EXERCISE AIM
Begin with the line containing "C&oacute;digo QR con", end with the last line of the records, and retype everything in between exactly, without the pictures.

DATA SUPPLIED
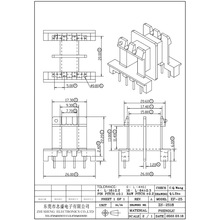 EF25��ʽ4+4�p��׃������Ȧ�Ǽ��Դ��侀Ȧ�Ǽ�ZS-2518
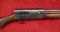 Early Browning A5 12 ga Shotgun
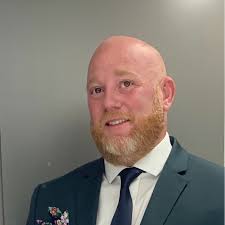 Bo Smith Email & Phone Number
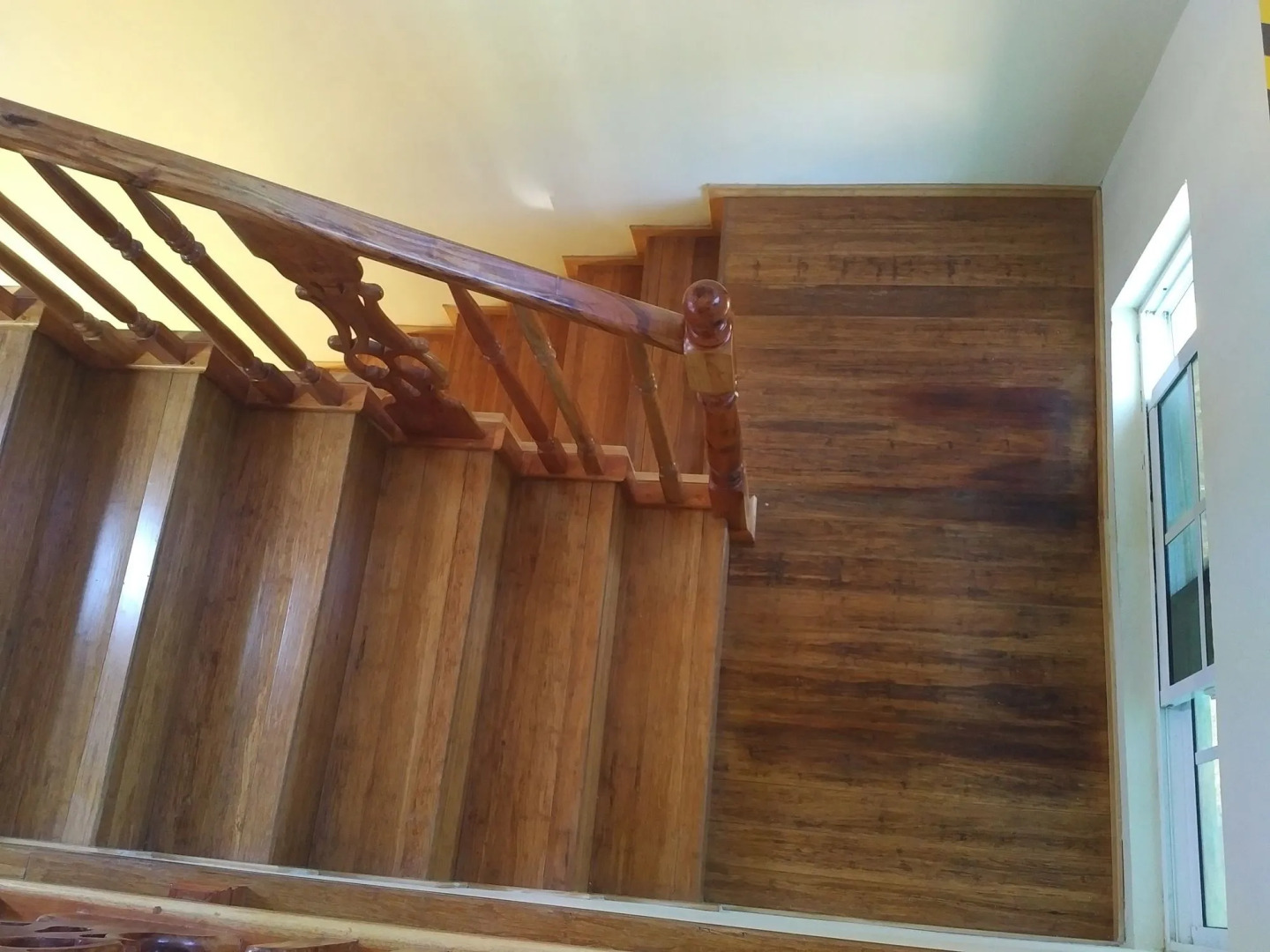 Negril Sky Blue Resorts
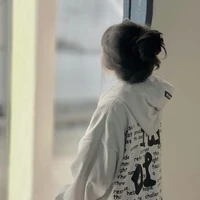 Lý Mỹ Duyên
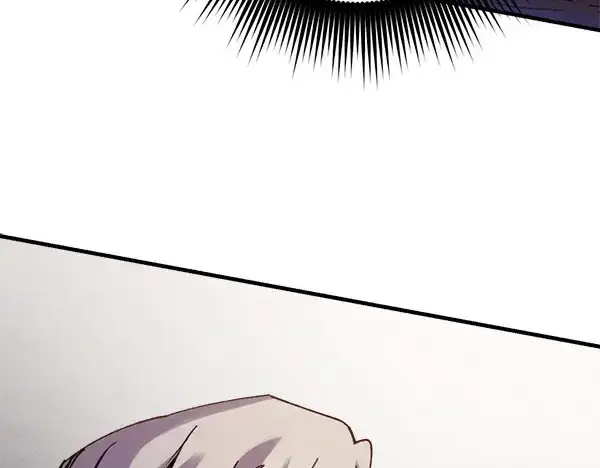 漫画《飞雷刀》第181话 单挑第256张图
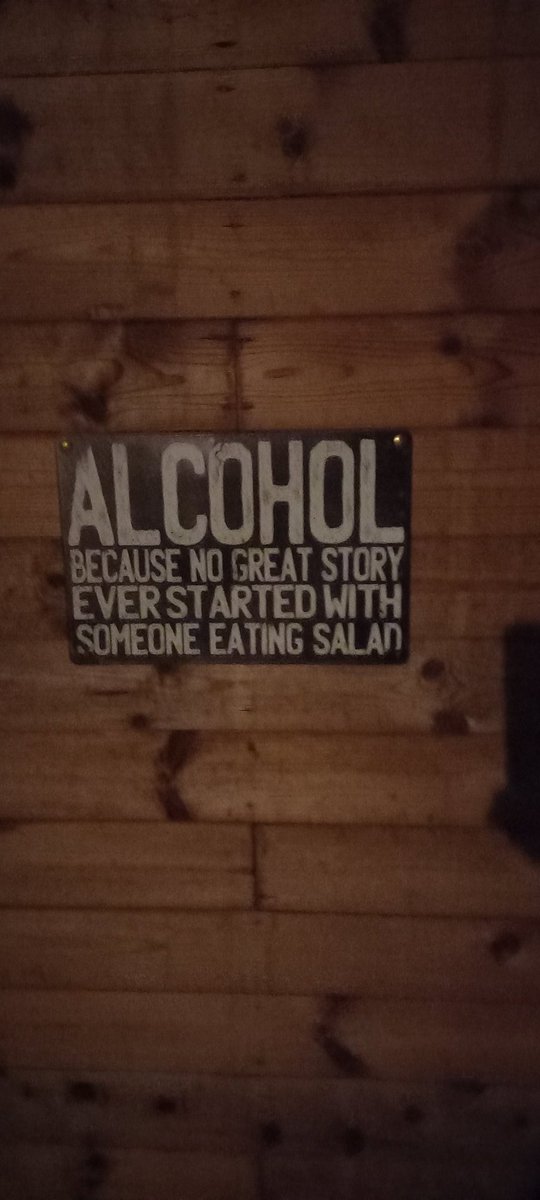 BToeley's tweet image. 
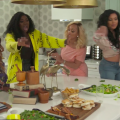 'The Real Housewives of Potomac' Season 6 Trailer Is Here!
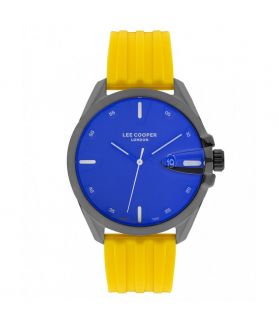 Classic Sporty LC07053.064 мъжки часовник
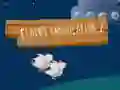 Lojë Flappy Anihilimi 2 në internet Lojë Flappy Anihilimi 2 në internet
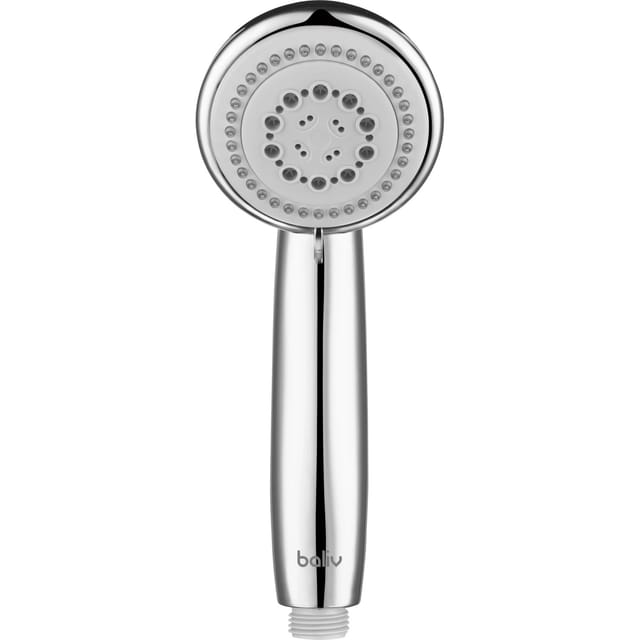 baliv Handbrause HBR-80.390 Verchromt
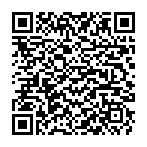 C&oacute;digo QR con el enlace al titular La Desorganización anuncia la Fiesta de la Poza y el Pico Lugar 2026 para el 16 de mayo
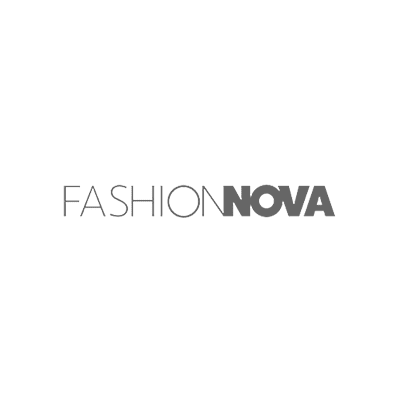 Fashion Nova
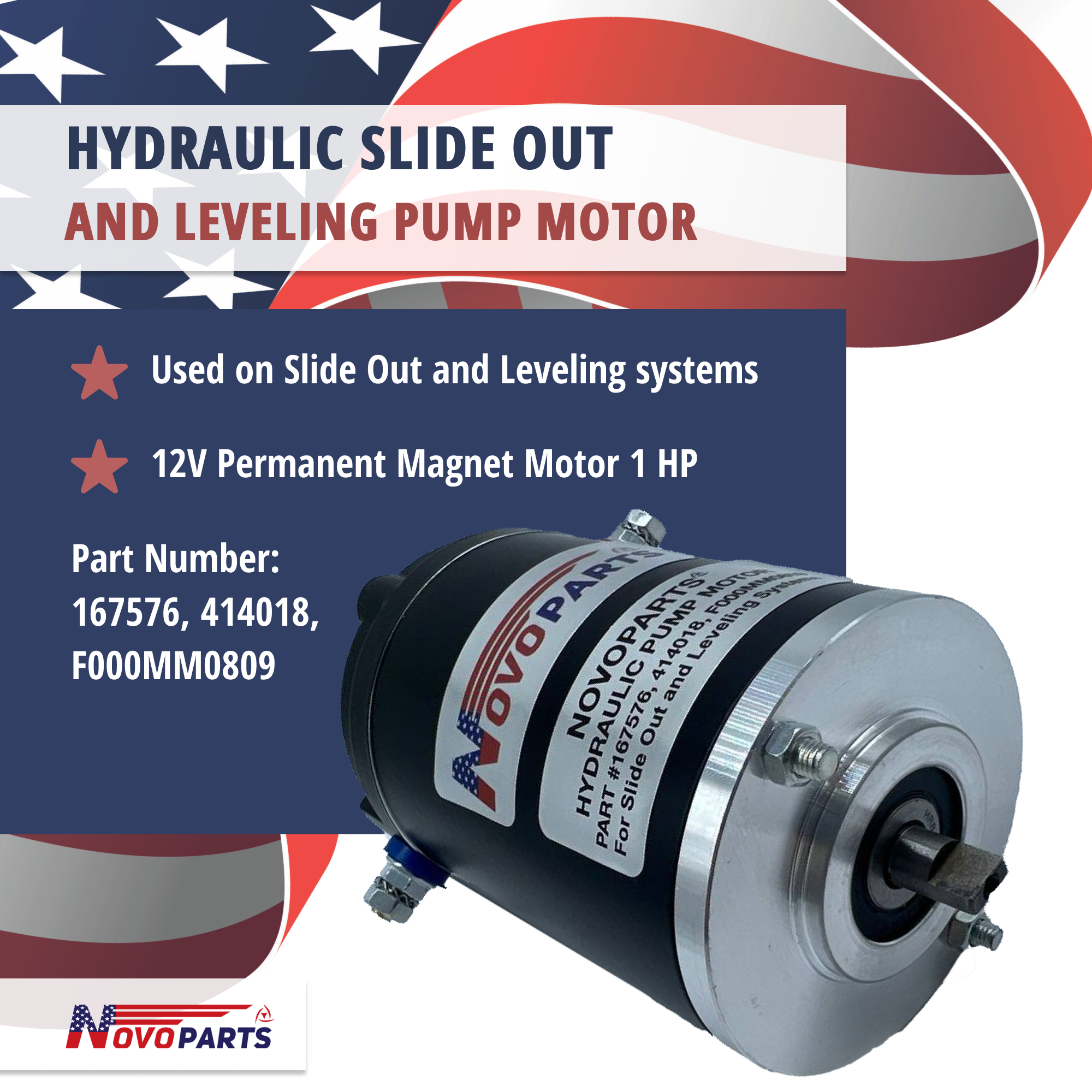 Performance Tool W54150 Marine Lower Unit Fluid Pump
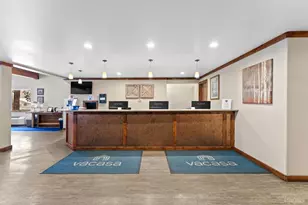 3535 Lake Tahoe Blvd, South Lake Tahoe, CA 96150 - Photo 37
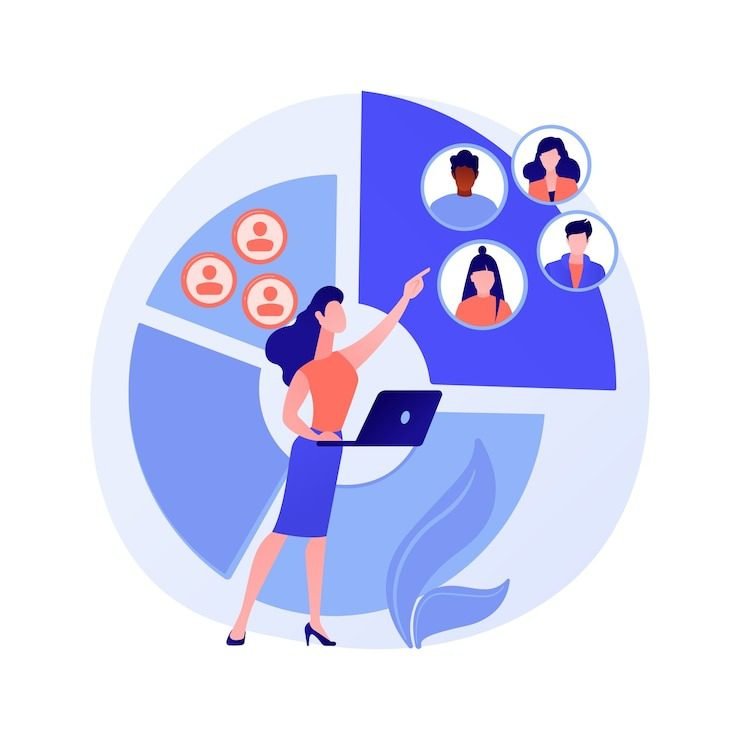 engaging-target-audience seo-for-law-firms:engaging-target-audience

EXERCISE OUTPUT
 C&oacute;digo QR con el enlace al titular La Desorganización anuncia la Fiesta de la Poza y el Pico Lugar 2026 para el 16 de mayo
 Fashion Nova
 Performance Tool W54150 Marine Lower Unit Fluid Pump
 3535 Lake Tahoe Blvd, South Lake Tahoe, CA 96150 - Photo 37
 engaging-target-audience seo-for-law-firms:engaging-target-audience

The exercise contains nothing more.